▶ EXERCISE OBJECTIVE: The output should be the listing below, limited to the lines from the one with "Natural Beauty Профессиональная" through the one with "银河集团186net(中国)有限公司官网", exact and without pictures.

▶ EXTRACTED MATERIAL:
....................
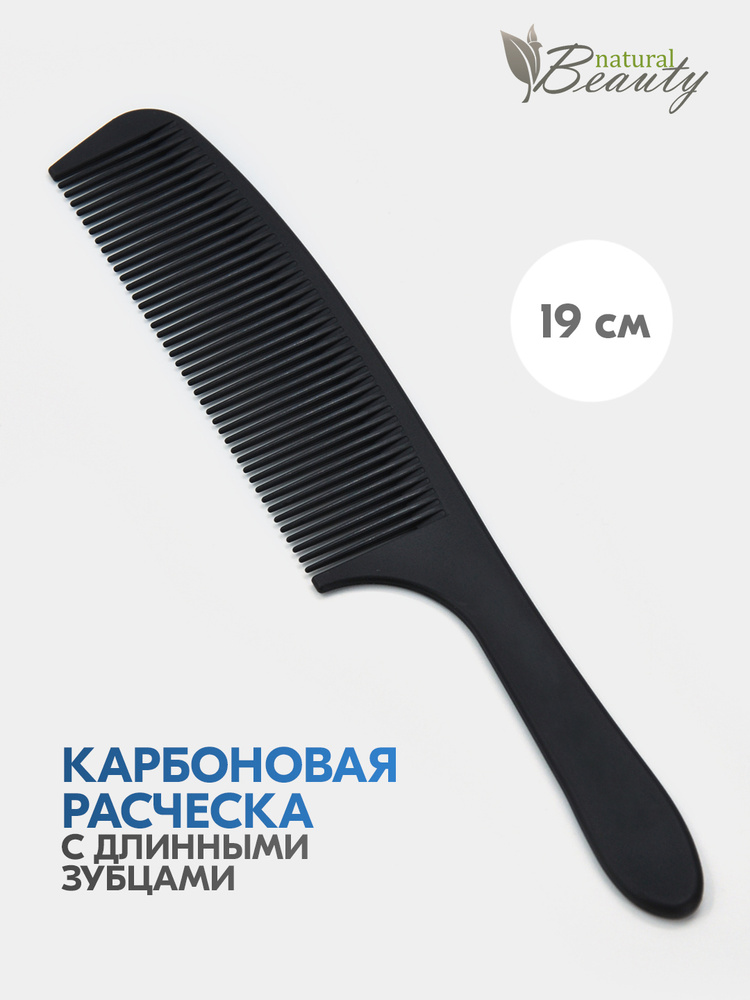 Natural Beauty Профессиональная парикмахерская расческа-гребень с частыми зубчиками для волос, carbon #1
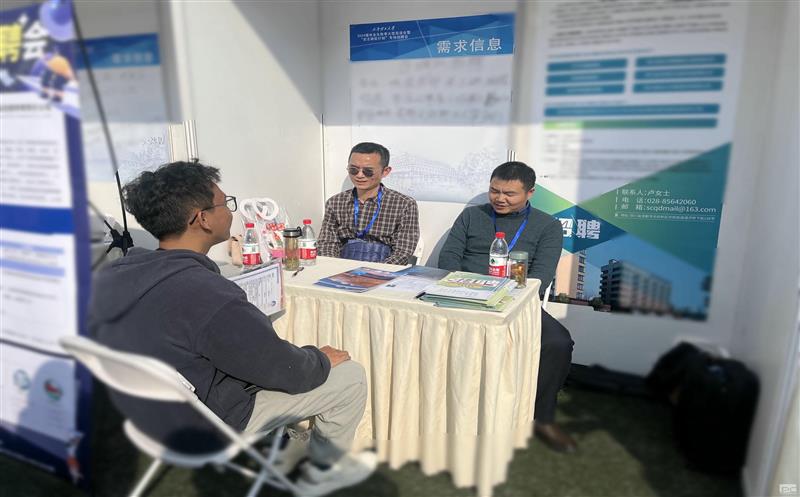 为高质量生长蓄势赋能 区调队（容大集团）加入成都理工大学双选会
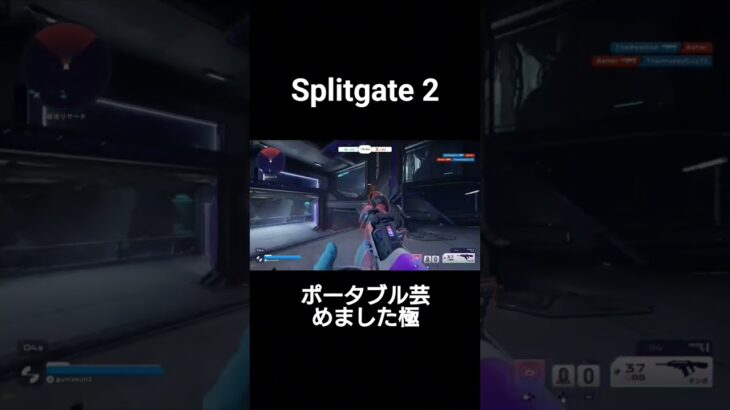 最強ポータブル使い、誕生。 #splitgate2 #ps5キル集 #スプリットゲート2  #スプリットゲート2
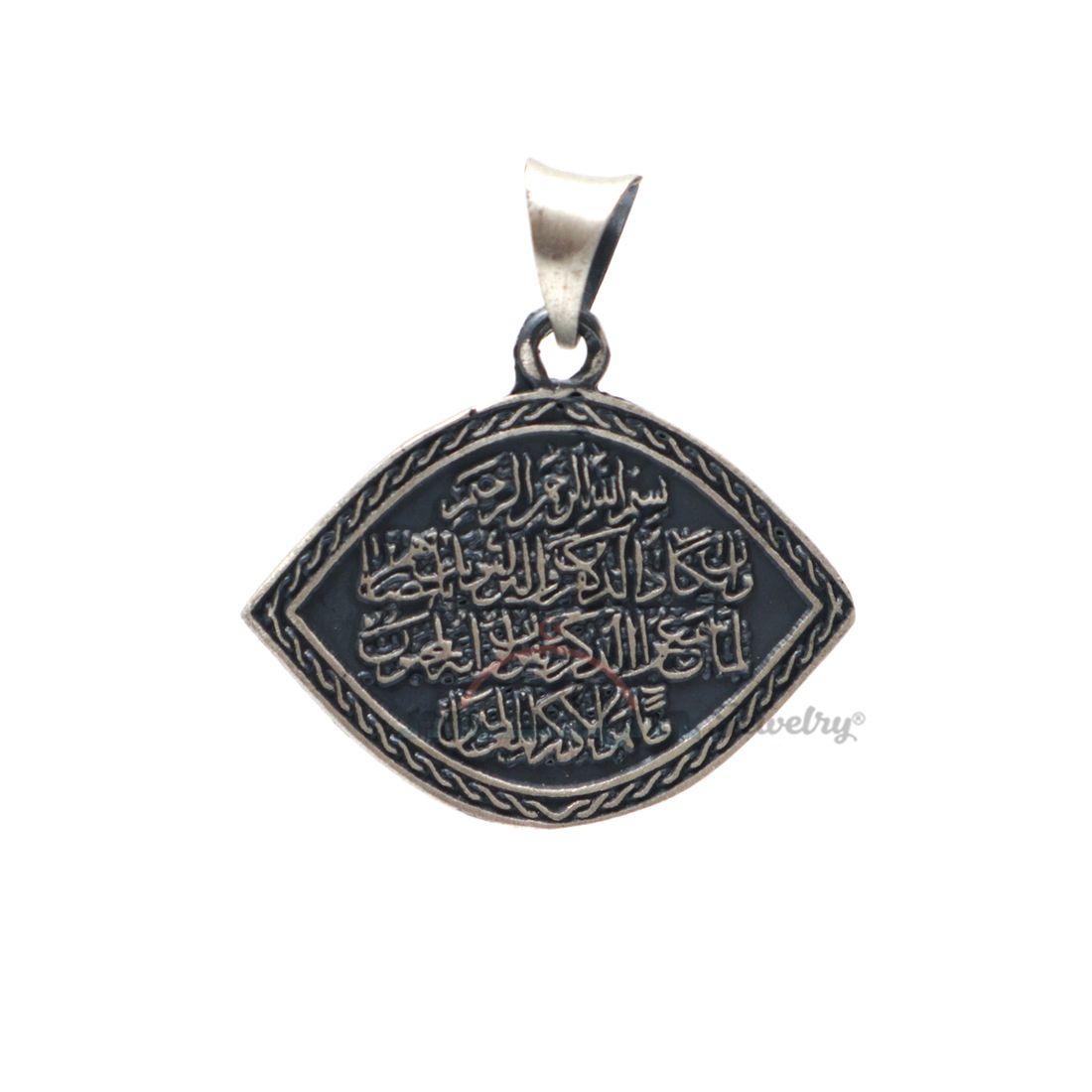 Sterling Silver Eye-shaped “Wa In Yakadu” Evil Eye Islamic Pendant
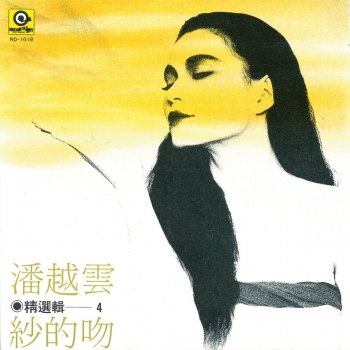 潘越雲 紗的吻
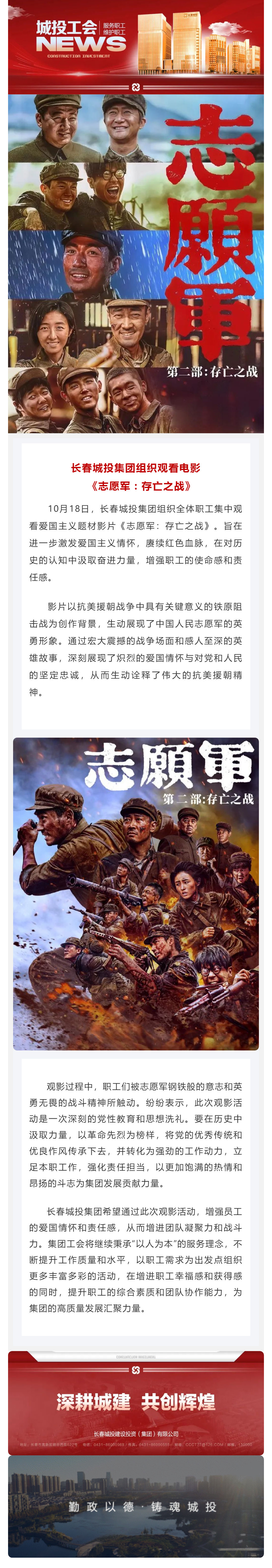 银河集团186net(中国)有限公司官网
....................
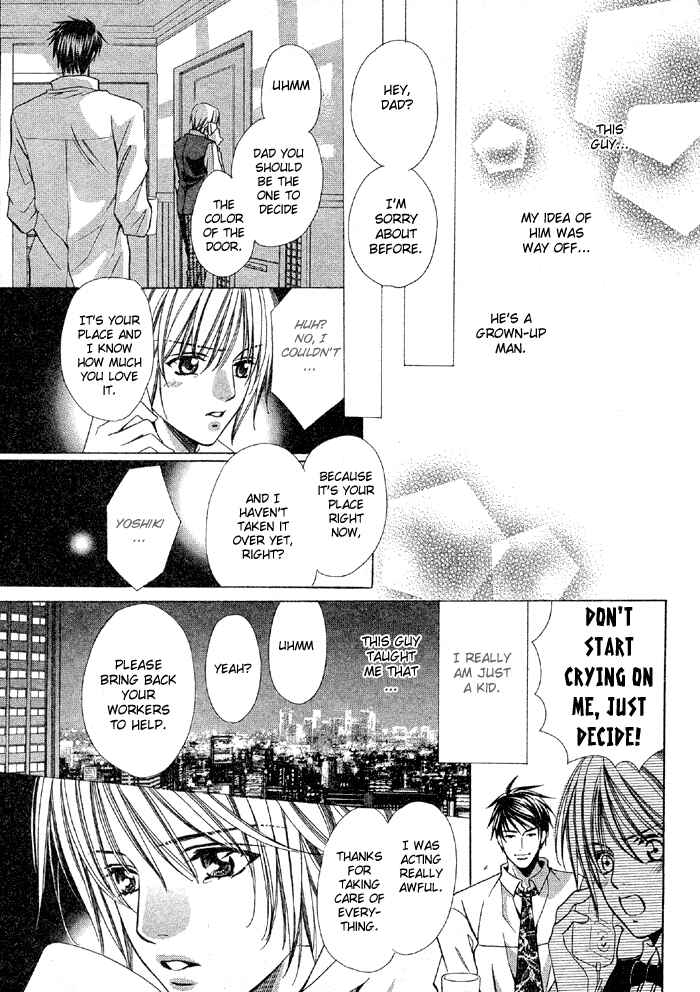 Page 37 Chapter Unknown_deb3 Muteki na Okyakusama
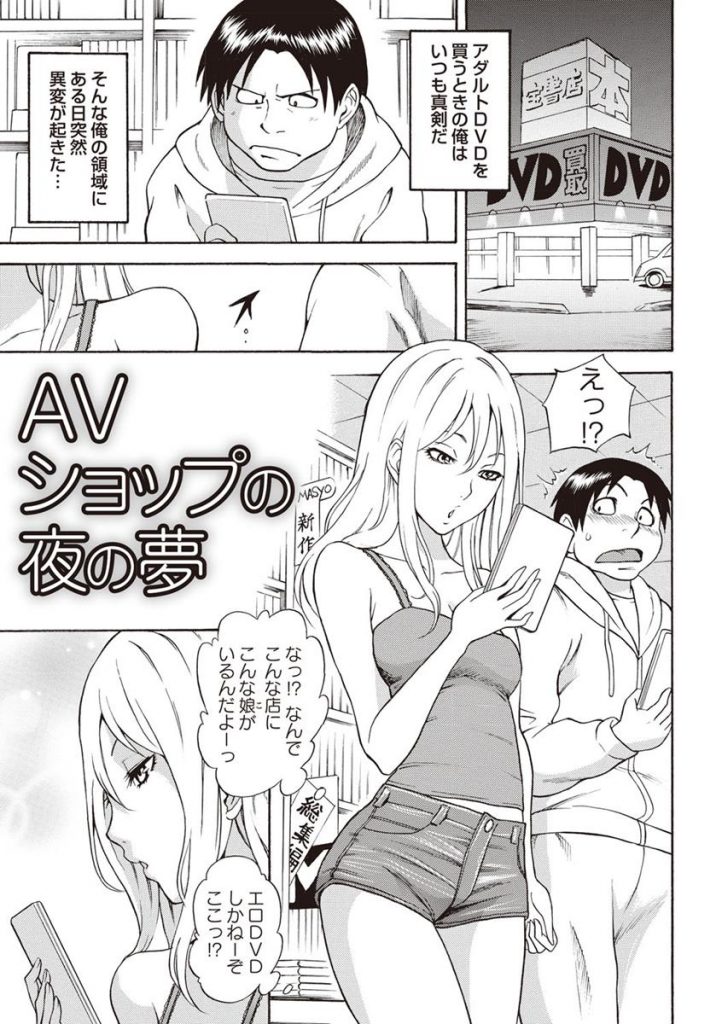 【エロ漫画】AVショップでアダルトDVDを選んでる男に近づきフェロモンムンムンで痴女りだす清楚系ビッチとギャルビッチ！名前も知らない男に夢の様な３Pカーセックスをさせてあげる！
....................
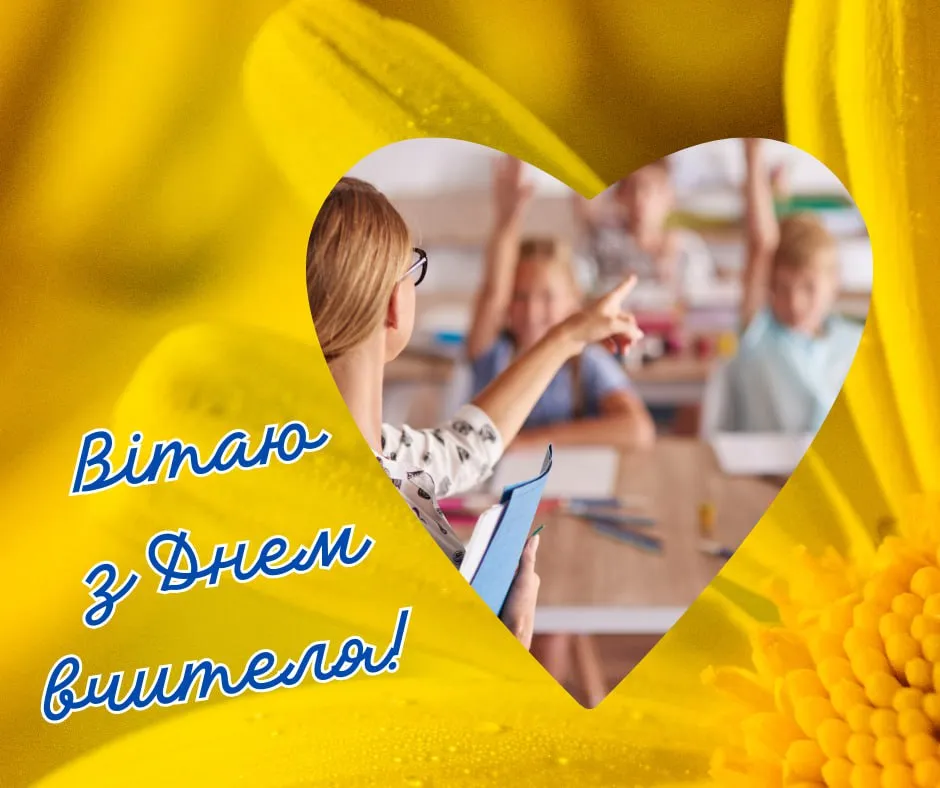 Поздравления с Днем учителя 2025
....................
▶ TASK RESPONSE:
 Natural Beauty Профессиональная парикмахерская расческа-гребень с частыми зубчиками для волос, carbon #1
 为高质量生长蓄势赋能 区调队（容大集团）加入成都理工大学双选会
 最強ポータブル使い、誕生。 #splitgate2 #ps5キル集 #スプリットゲート2  #スプリットゲート2
 Sterling Silver Eye-shaped “Wa In Yakadu” Evil Eye Islamic Pendant
 潘越雲 紗的吻
 银河集团186net(中国)有限公司官网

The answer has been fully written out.